TASK STATEMENT: Could you restate, exactly and with nothing added, the lines from the start of the data through the line that holds "Also, just make", leaving the pictures out?

GIVEN DATA:

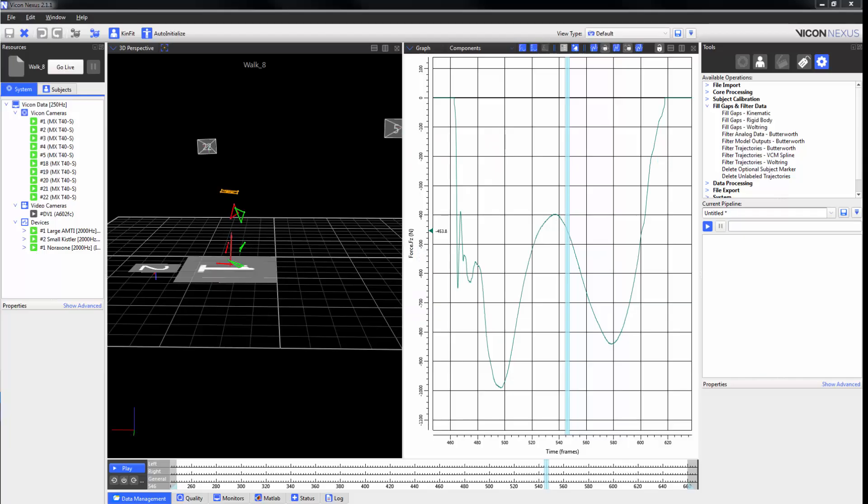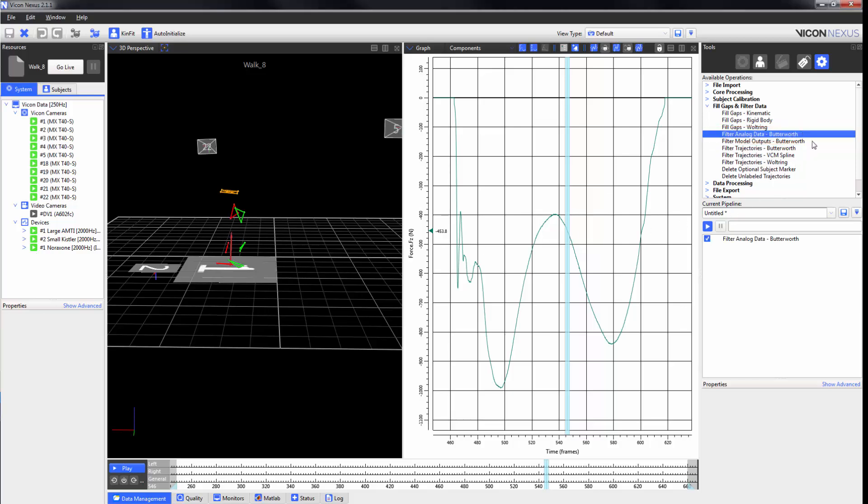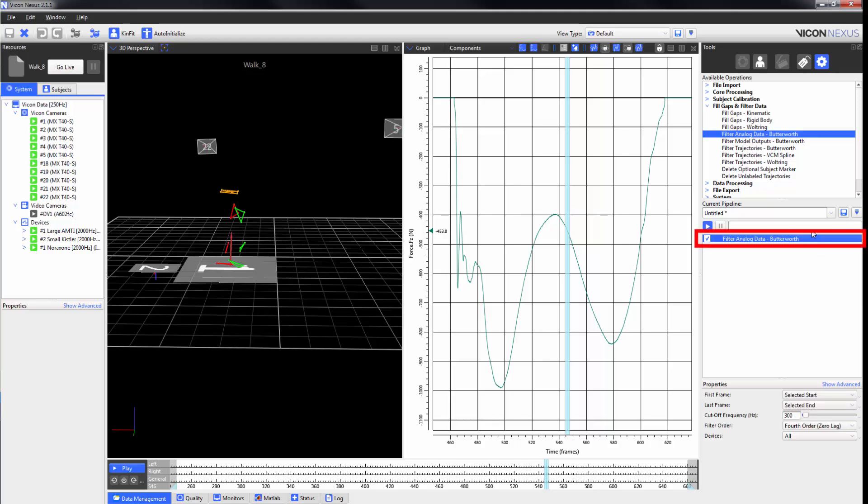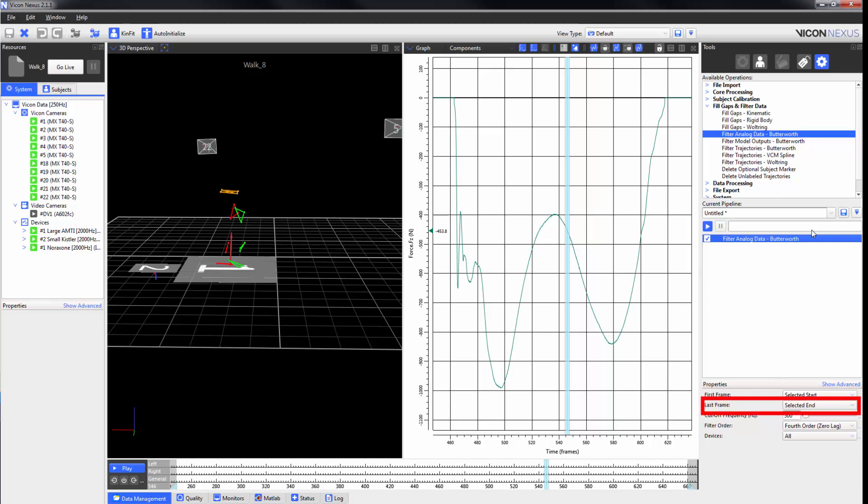We can filter data from analog devices such as force plates by using a low pass Butterworth filter. By selecting the properties, we can adjust the first frame and the last frame. We can also set a cutoff frequency.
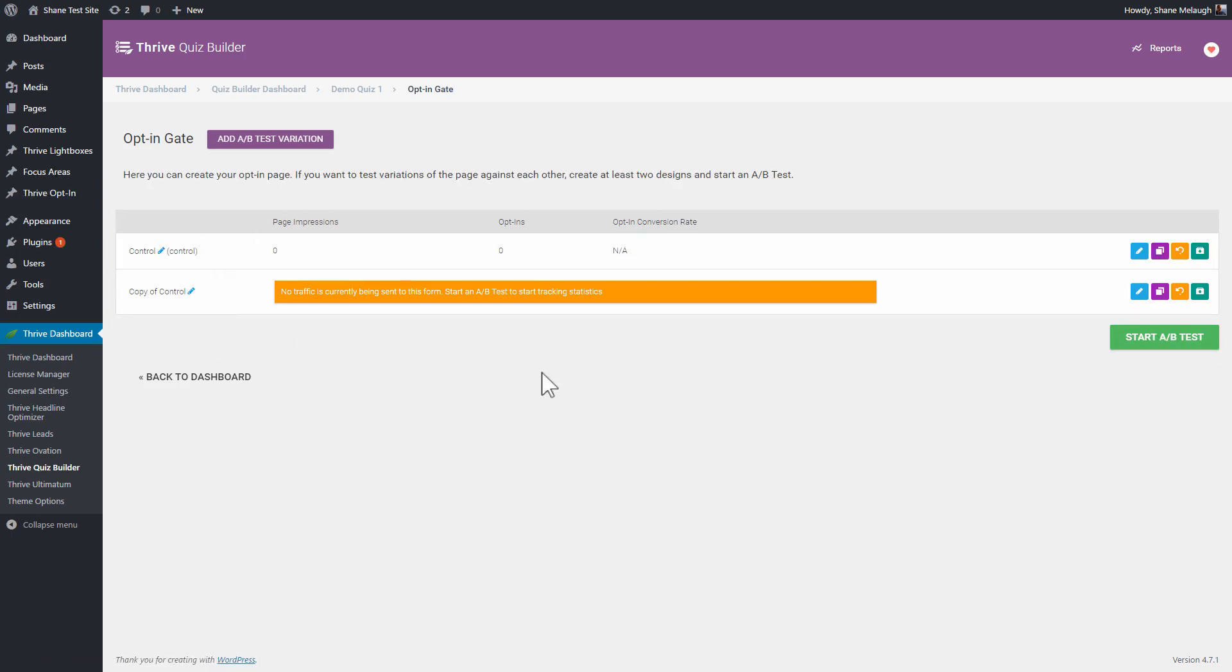And it will automatically look for which one of these leads to the higher opt-in rate. Obviously, if you manage to make a version that maybe uses text and images and things that entices more people to opt in on the opt-in gate, then that is better and that will be declared the winning solution.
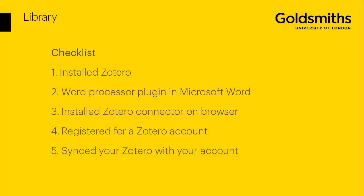You're now ready to use Zotero. Watch our next video to learn how.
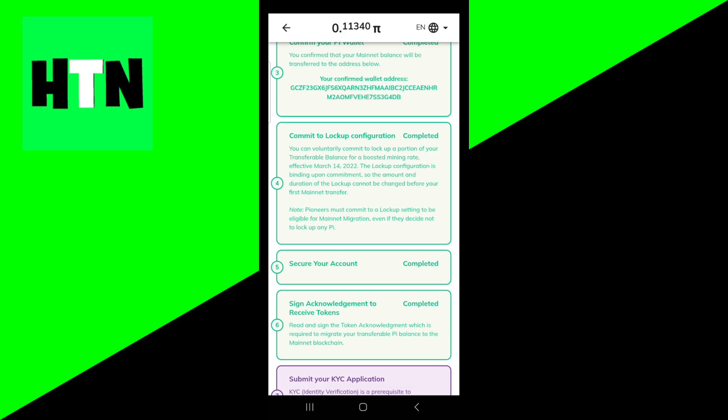Also, just make sure that you're using the latest version of the application. I know that may sound obvious, but sometimes we forget the obvious stuff, so just make sure you have the most recent version of the Pi Network application.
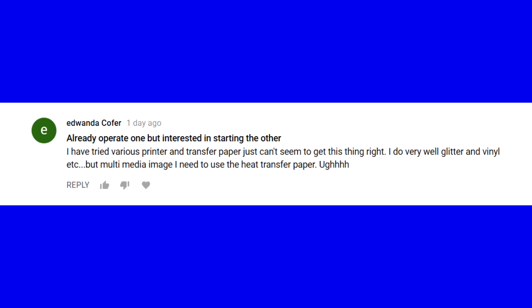Edwanda Kofa already operates one business but is interested in starting another. She's tried various printers and transfer papers and can't get full-color multimedia image transfers right — she does very well with glitter and vinyl but struggles with heat transfer paper. Martin says get the training DVD, and also check the YouTube playlist where there are examples of transfer paper longevity — t-shirts that have been through the wash many times over five or six years. Dark t-shirt transfer technology isn't as good as light t-shirt transfer, but both are covered in the DVD.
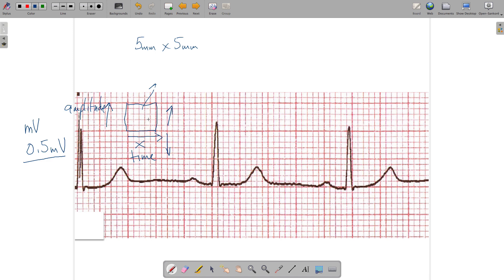In terms of time, each big box is 5 millimeters across by 5 millimeters tall and is comprised of 25 small boxes.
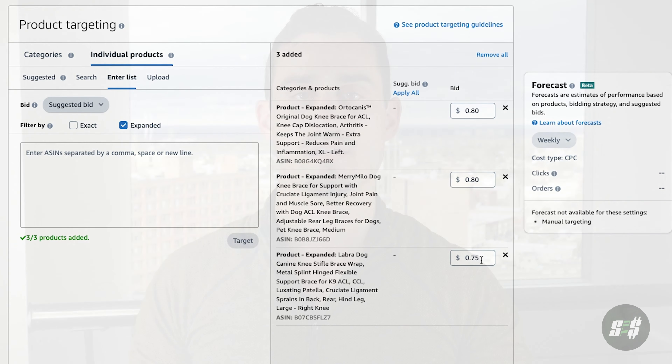Below here is the negative keyword targeting section. In this section, you're basically going to put a keyword that you want your product not to show up for. If you're in a specific niche and want to make sure that outside words or other keywords don't bring up your listing because those customers are less likely to buy your product, this is the section you'll use for that.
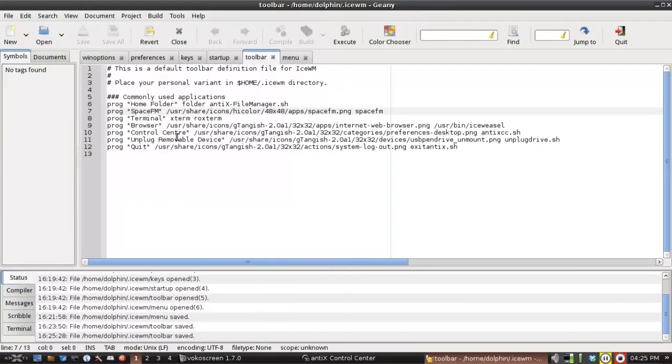So that's how you edit the menu and the toolbar files in IceWM. For tips, tricks, how-tos, head over to annex.mips.org, throw up a post at annex.freeforms.org. This is Dolphin Oracle signing off. Have a great day.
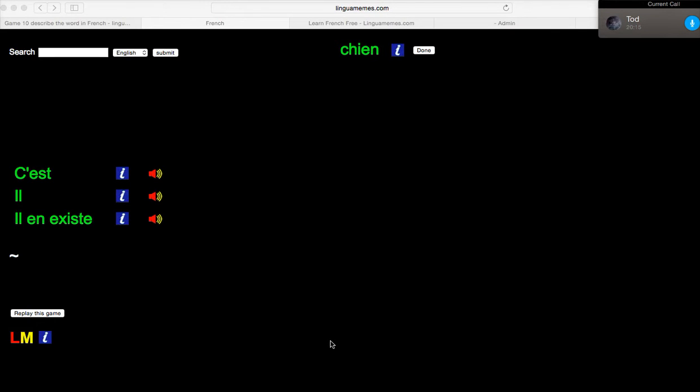Hi, welcome back to Linguamemes, and today we're doing French. Oh, French. Was that a voice I heard? Yeah, that was the voice of someone who's missed French. We haven't done it in a while.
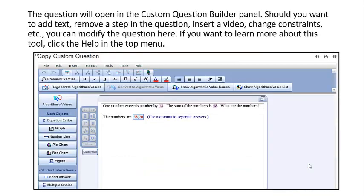The question will open in the Custom Question Builder panel. Should you want to add text, remove a step in the question, insert a video, change constraints, etc., you can modify the question here.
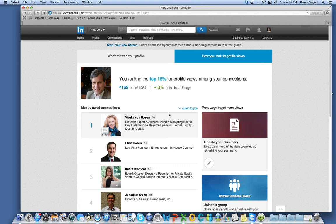It's brucesegal, S-E-G-A-L-L, at gmail.com if you want to reach me. Thank you.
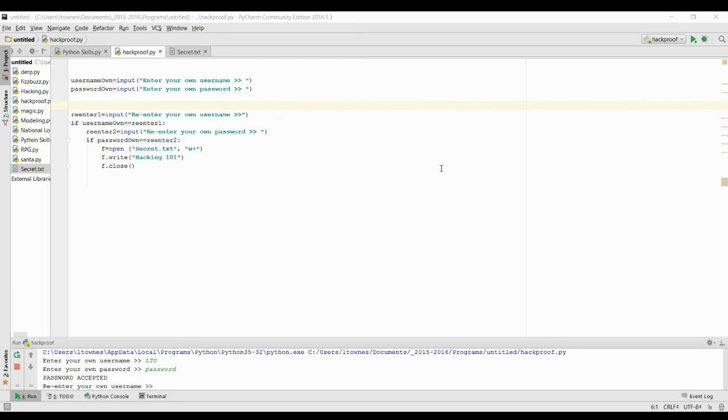So in our program here, we've just allowed you to enter and create any old password, which is not secure enough. So what we're going to do is we're going to track them in a while loop until they enter a password that's actually good enough.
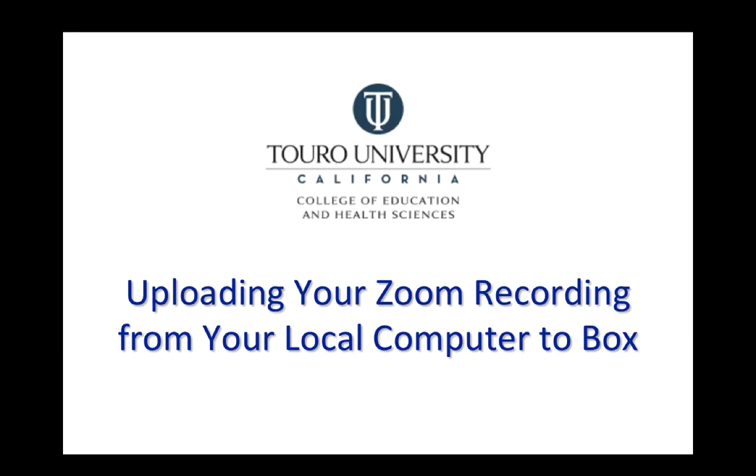So that was a quick video that shows you how to upload a Zoom recording that was downloaded to your local computer into your TCUS Box account.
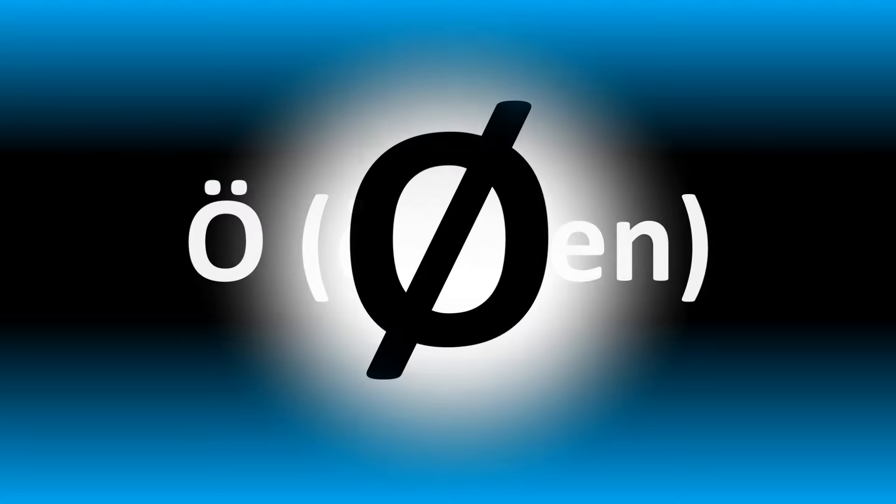So this is how you say the letter Ö. Ö is how you pronounce it.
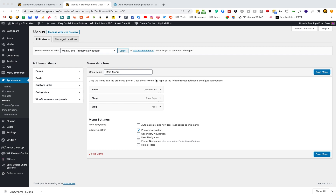Hey folks, how's it going? I just want to make a really quick video — I'm not going to edit this at all, so do bear with me. I just wanted to show you how you can add product categories to your WordPress main menu.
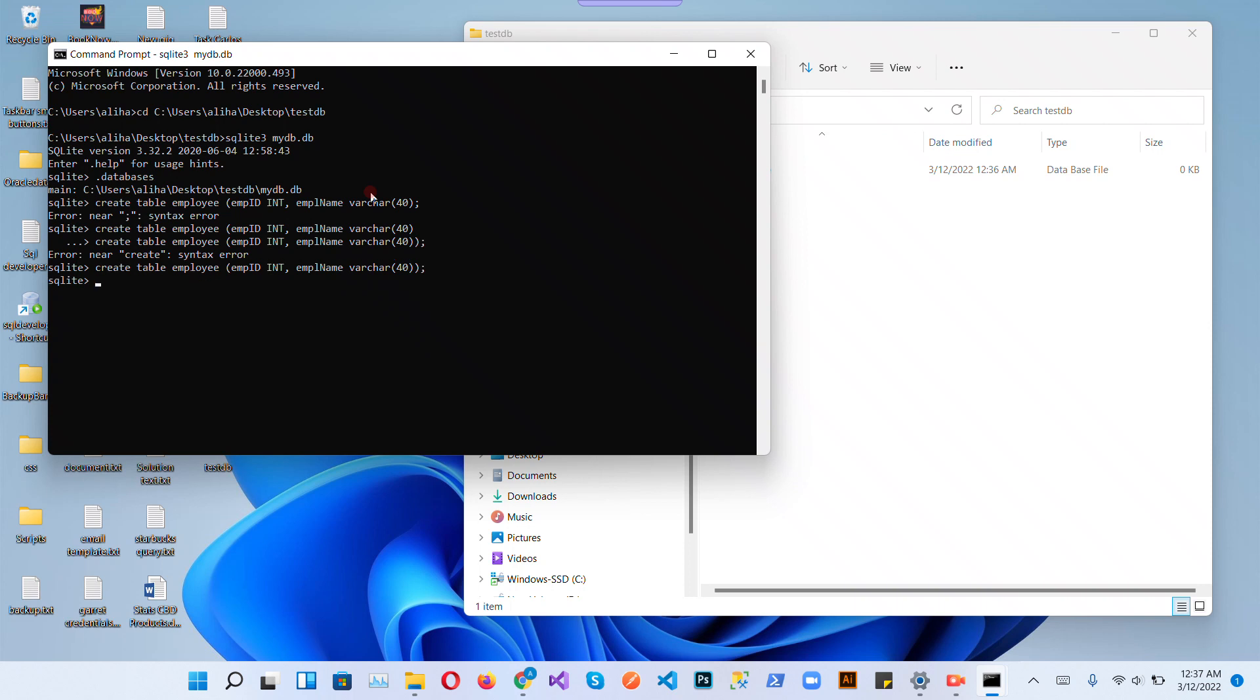So let's see if our table is created. Okay, the employee table is inside mydb.db. Let's check our schema.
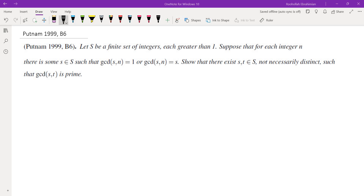Hello, in this video we're going to go over problem B6 from Putnam 1999. The question is this: let S be a finite set of integers each greater than 1. Suppose that for each integer n there is some s in S such that GCD(s, n) = 1 or GCD(s, n) = s. Show that there are two elements s and t in S, not necessarily distinct, such that their GCD is a prime.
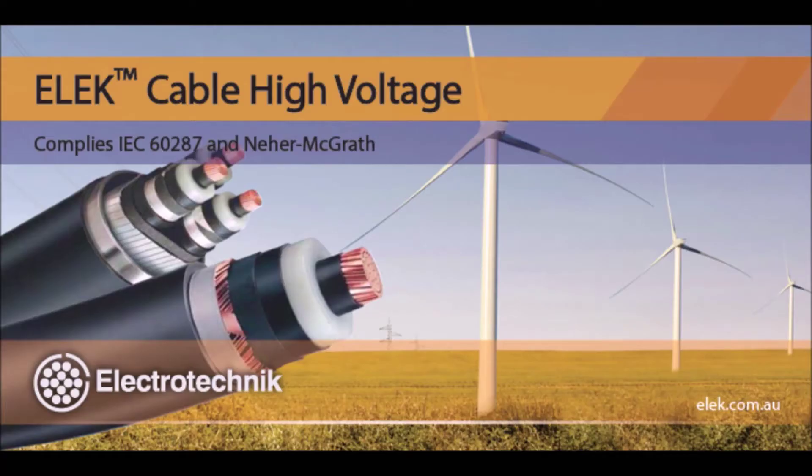Introducing Cable High Voltage Software for easy and accurate cable rating calculation.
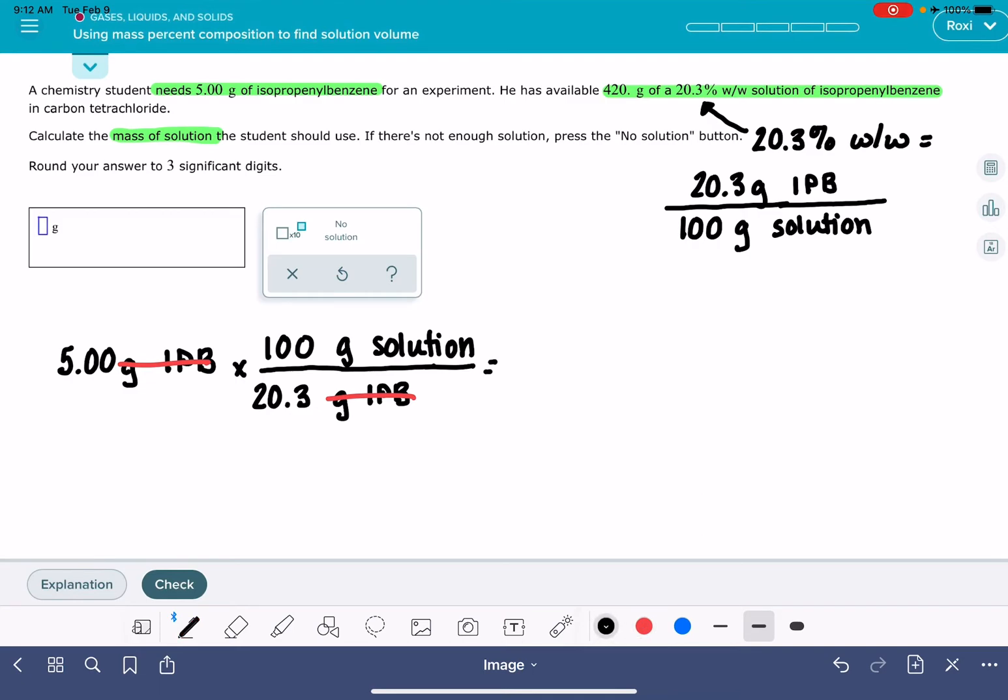5 times 100 divided by 20.3. And this tells me that I need 24, it says three significant figures, 24.6 grams of the solution.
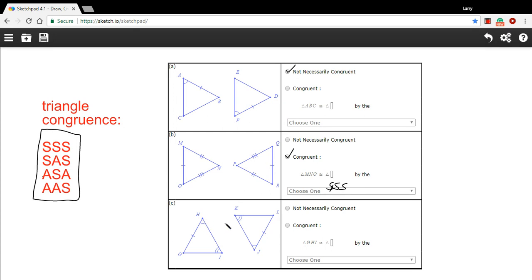And let's see, this last one down here, looks like we've got a side that's congruent and two angles. And the side is not in between the angles, so this one would be angle, angle, side property of congruence.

WRITTEN REPLY:
We can filter data from analog devices such as force plates by using a low pass Butterworth filter. By selecting the properties, we can adjust the first frame and the last frame. We can also set a cutoff frequency.
And it will automatically look for which one of these leads to the higher opt-in rate. Obviously, if you manage to make a version that maybe uses text and images and things that entices more people to opt in on the opt-in gate, then that is better and that will be declared the winning solution.
You're now ready to use Zotero. Watch our next video to learn how.
Also, just make sure that you're using the latest version of the application. I know that may sound obvious, but sometimes we forget the obvious stuff, so just make sure you have the most recent version of the Pi Network application.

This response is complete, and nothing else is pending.